TASK INSTRUCTIONS –
All that is wanted is the exact text of the lines below from the one with "Afends Womens Paradoxic" through the one with "Loft Floral Tie Waist Dress", inclusive, minus any pictures.

LISTED ENTRIES –
··········
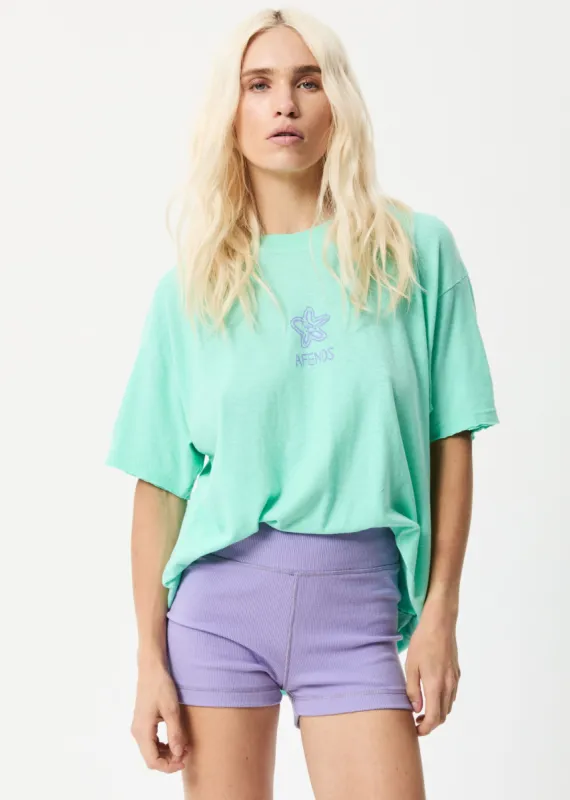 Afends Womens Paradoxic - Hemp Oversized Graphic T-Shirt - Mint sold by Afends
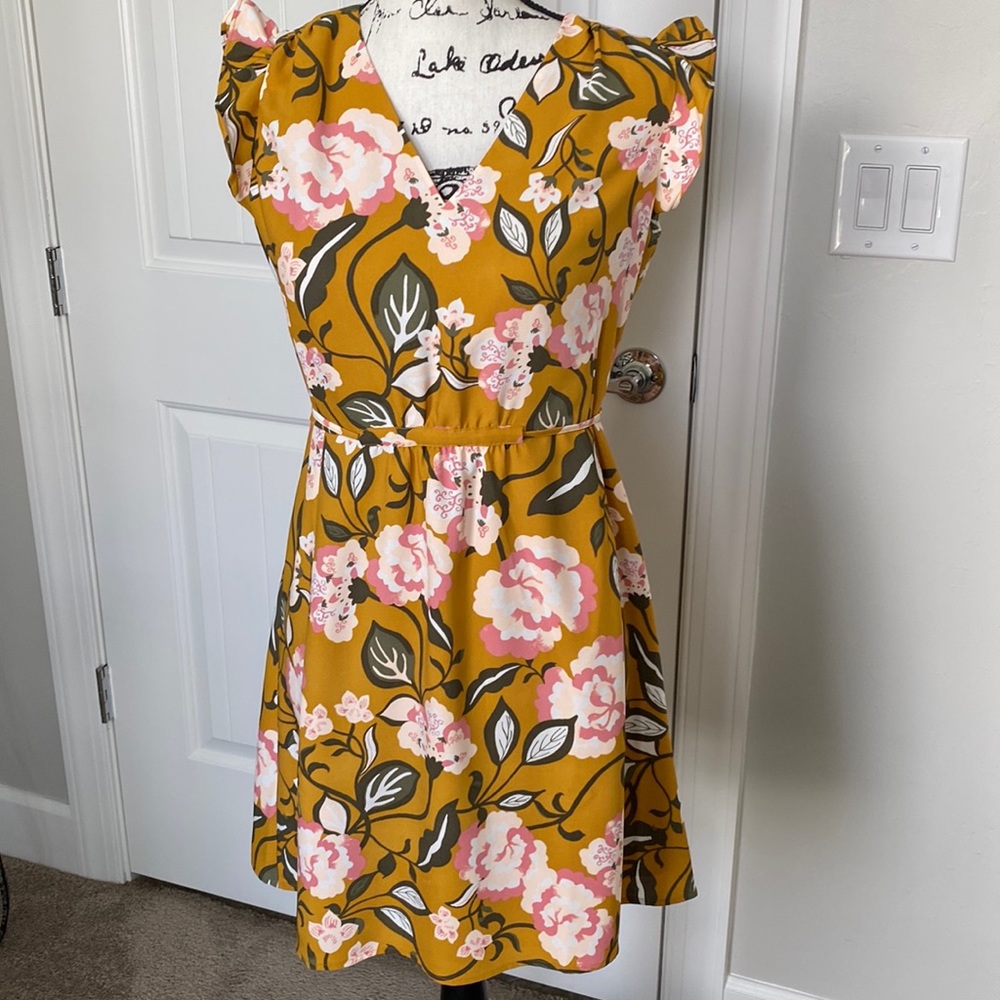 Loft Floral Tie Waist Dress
··········
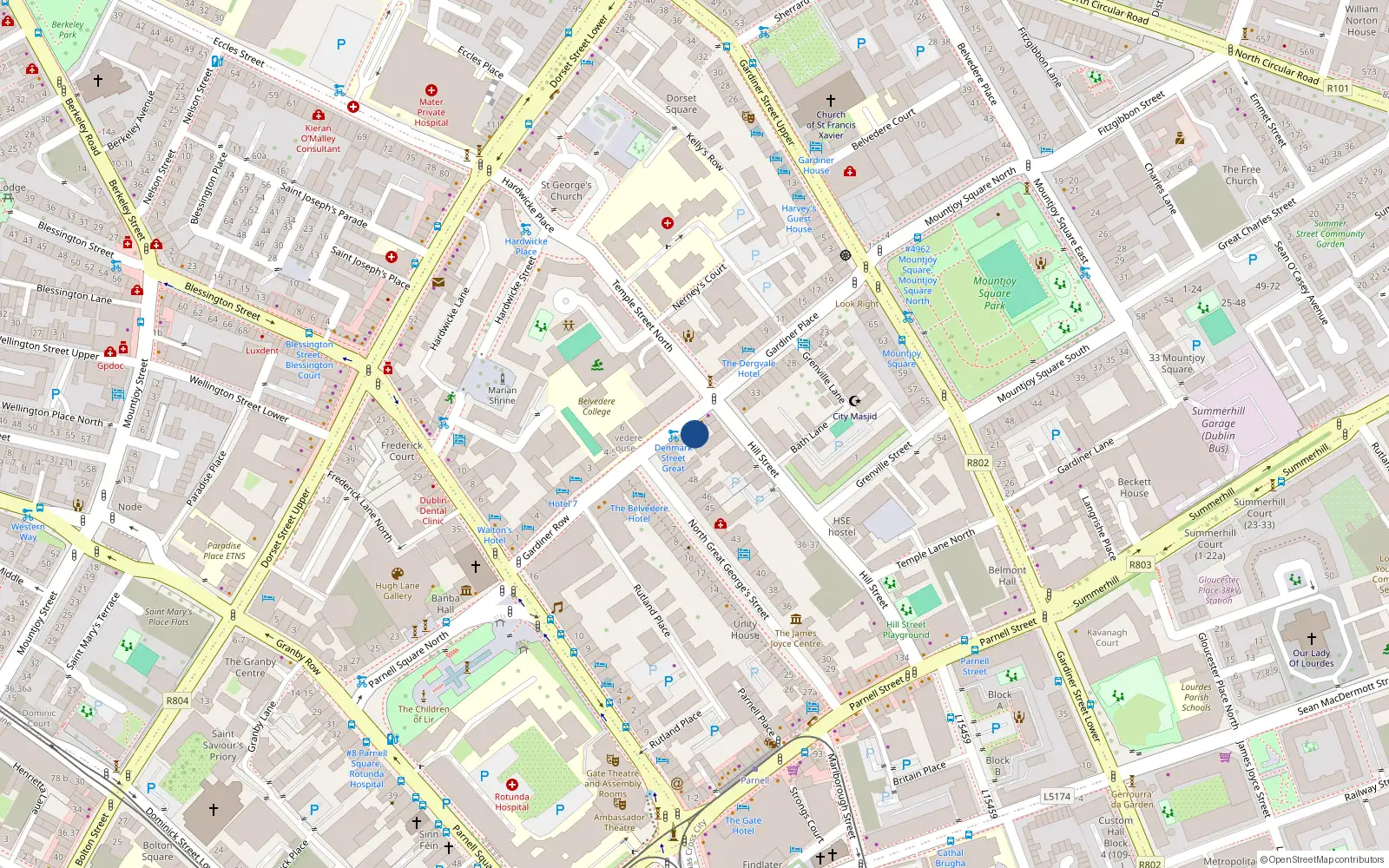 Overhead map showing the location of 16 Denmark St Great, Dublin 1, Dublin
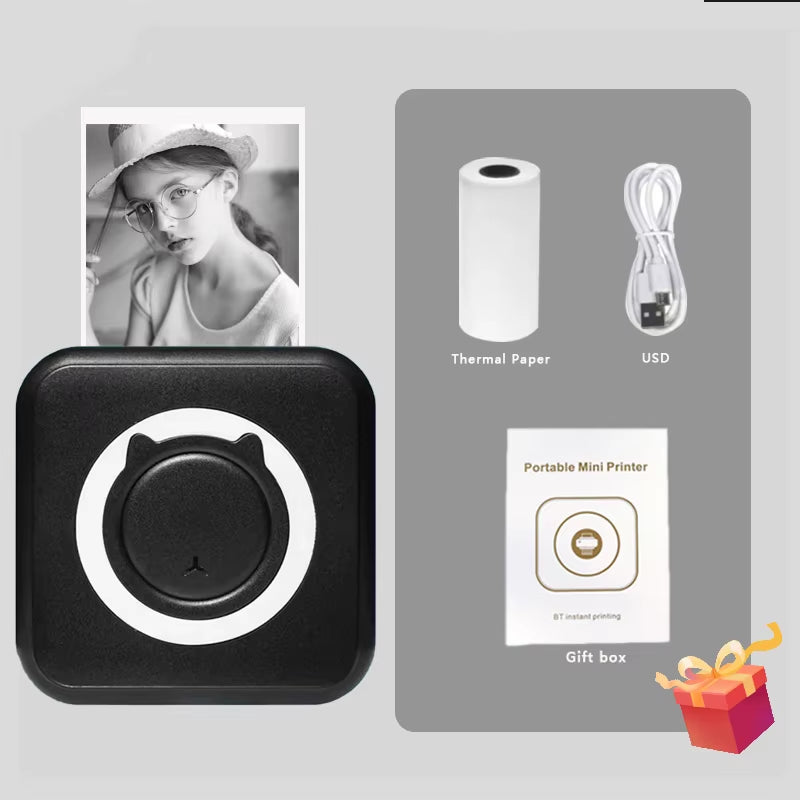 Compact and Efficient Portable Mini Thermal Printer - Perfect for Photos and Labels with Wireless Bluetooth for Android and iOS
··········
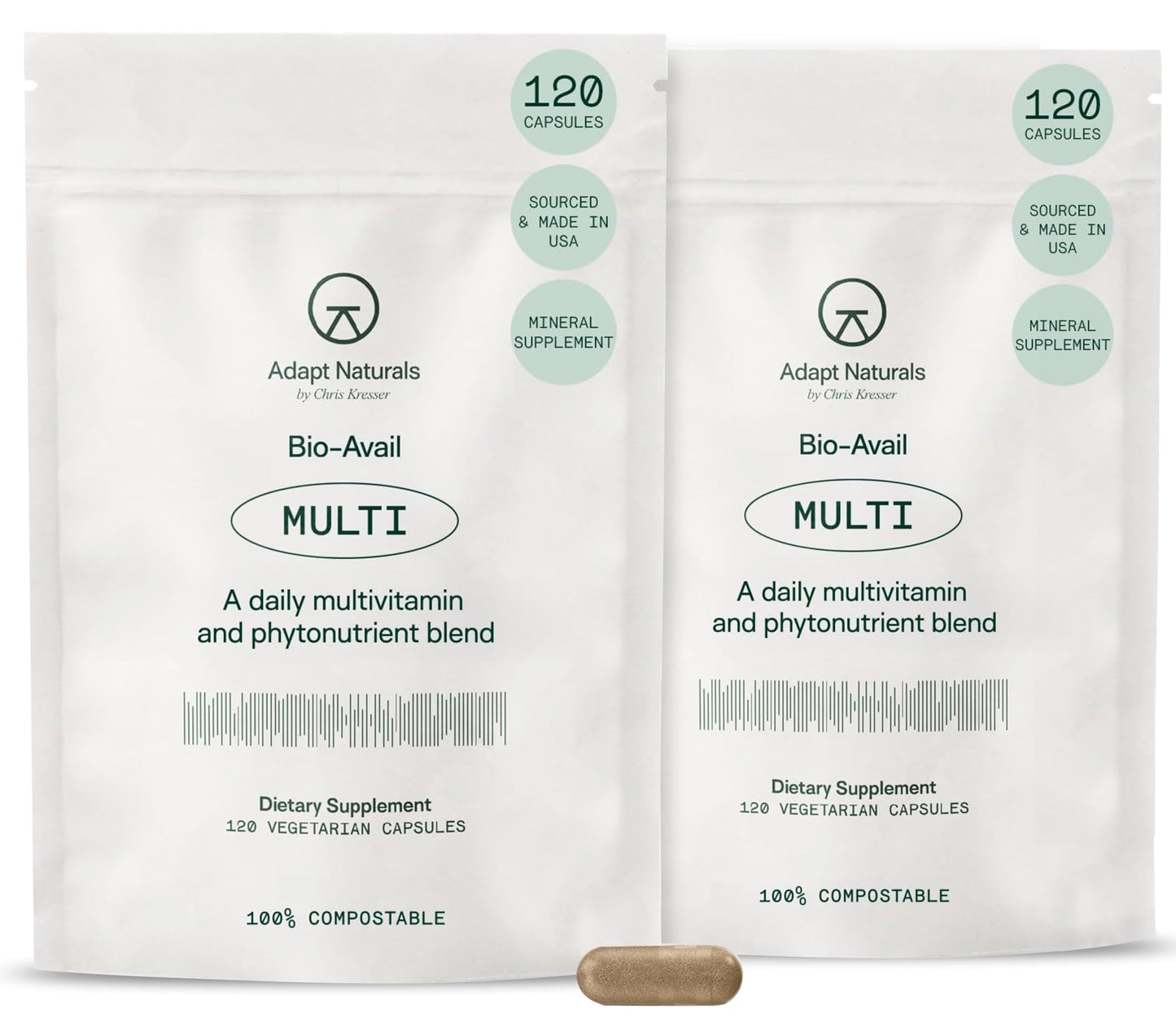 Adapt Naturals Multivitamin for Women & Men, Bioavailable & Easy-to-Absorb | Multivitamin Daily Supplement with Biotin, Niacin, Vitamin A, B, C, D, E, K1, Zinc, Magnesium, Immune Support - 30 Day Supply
··········
RESULT OF THE EXERCISE –
 Afends Womens Paradoxic - Hemp Oversized Graphic T-Shirt - Mint sold by Afends
 Loft Floral Tie Waist Dress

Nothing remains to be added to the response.